INFORMATION PROVIDED
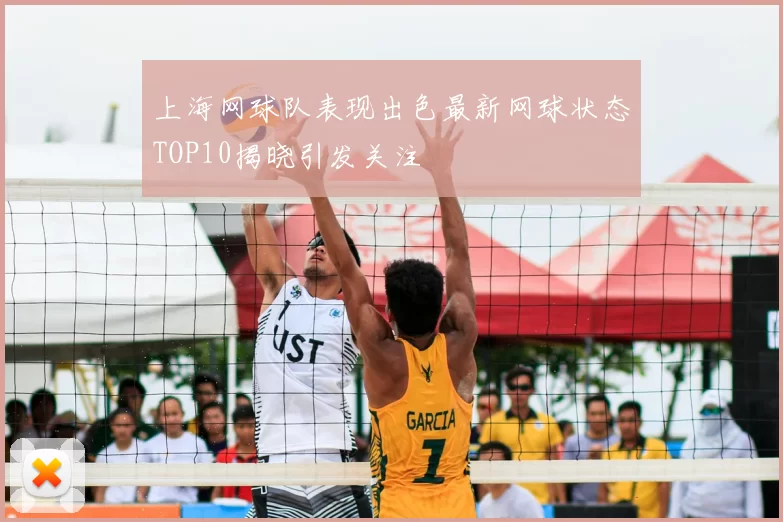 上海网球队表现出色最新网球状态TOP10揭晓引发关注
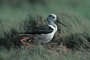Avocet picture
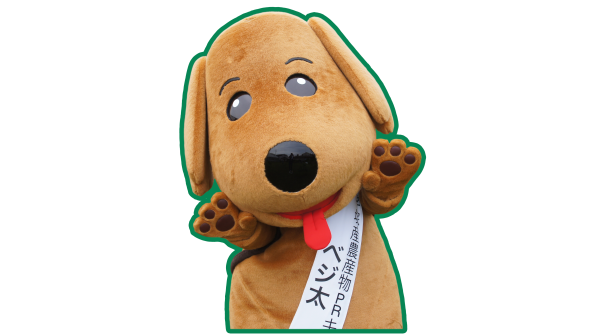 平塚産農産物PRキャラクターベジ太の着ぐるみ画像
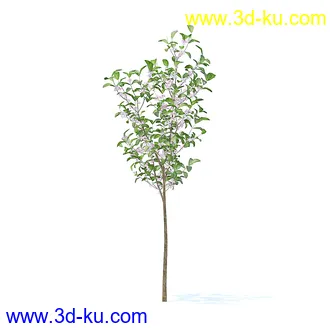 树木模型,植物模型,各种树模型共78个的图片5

WORK ORDER
The data shown above must be printed again exactly, with no images included.

EXPECTED OUTPUT
 上海网球队表现出色最新网球状态TOP10揭晓引发关注
Avocet picture
 平塚産農産物PRキャラクターベジ太の着ぐるみ画像
 树木模型,植物模型,各种树模型共78个的图片5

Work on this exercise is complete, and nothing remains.